If the market has become a deity, then it is not a benign one. When we remove the agency of policymakers and replace it with blind faith in the entity of the economy, we forget that it is an entity we constructed. It must work for us, or it does not work at all.

The Incentive of Civic Duty

The intrusion of market values into the moral sphere is the core problem that Carney identifies, and it is one of the key issues that a steady state economy would aim to set straight. However, Carney also offers insight into an interesting phenomenon that may hold the key to gaining mainstream acceptance of steady-state ideas.

Despite the increasing inference of economic value on noneconomic activities, devaluing them when there is a lack thereof, monetization of an activity can actually decrease its perceived value. Carney raises several examples. In the UK donating blood is a voluntary activity, whereas in the USA blood donors are compensated, and the former yields far greater participation. Fines for late pickups from childcare are viewed by parents as simply the financial cost of being late and not as appropriate chastisement. And in a study (which Carney sadly does not cite), children were shown to be more incentivized to raise money for charity when they were not paid for their troubles. In other words, a sense of civic duty is a powerful motivating tool. But when we allow the market to infringe upon civic life, it ascribes financial value to civic actions, and slowly we begin to see only the financial value and not the intrinsic one.

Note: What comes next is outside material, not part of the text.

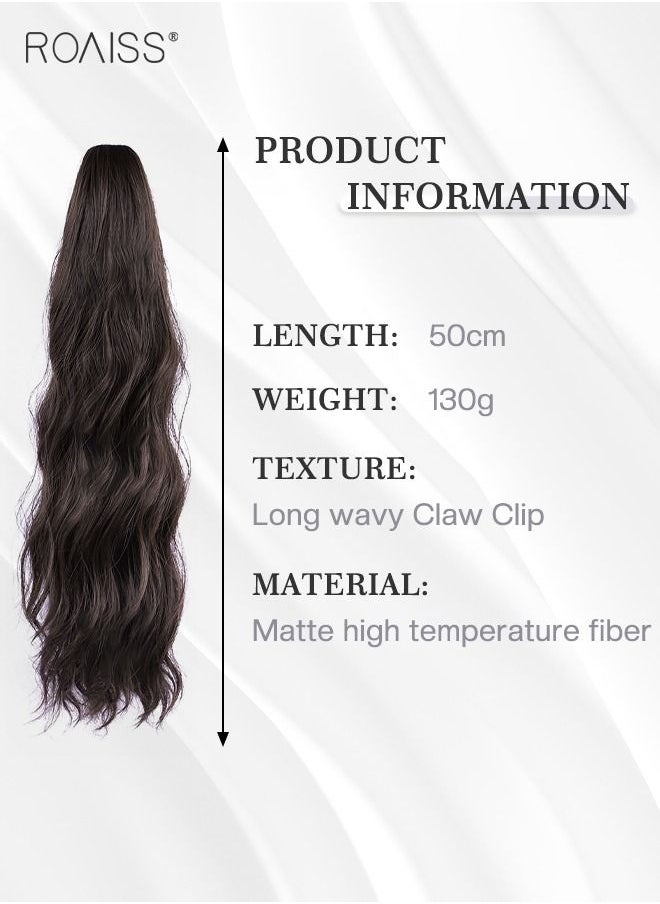 roaiss Long Wavy Ponytail Extensions Mini Claw Clip Natural Ponytail Wig Hair Extension Synthetic Hairpiece for Women Girls Party Hairstyle Soft Daily Use 50CM - Dark Brown  - Image 3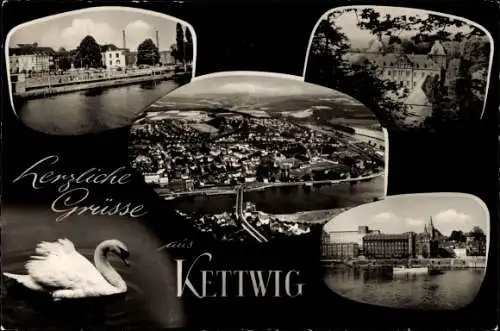 Ak Kettwig Essen im Ruhrgebiet, Teilansicht, Luftbild, Schwan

This logic can be mapped onto the climate crisis, though Carney stops short of doing so. In a consumerist society, the environment is framed as an asset to be exploited. If it is worth protecting, then we only protect our ability to extract value from it in years to come. This is a long-term financial motivation which, as Carney argues, is inherently weak and will always be superseded by the short-term financial incentive to exploit the natural world as quickly as possible, no matter the damage caused.

Advancing the steady state economy fundamentally changes the way we frame the environment, and we must begin changing that frame before we have any hope of achieving our economic goals. Framing the environment as intrinsically valuable - a social good or even a good thing in its own right rather than merely an economic good - is essential in order to incentivize people to protect it. Once we begin to see protecting our environment as a civic duty - to both the environment itself and our fellow human beings - the incentive is far greater. But in order to create this sense of civic duty, we must first redefine the lines between economic and social value.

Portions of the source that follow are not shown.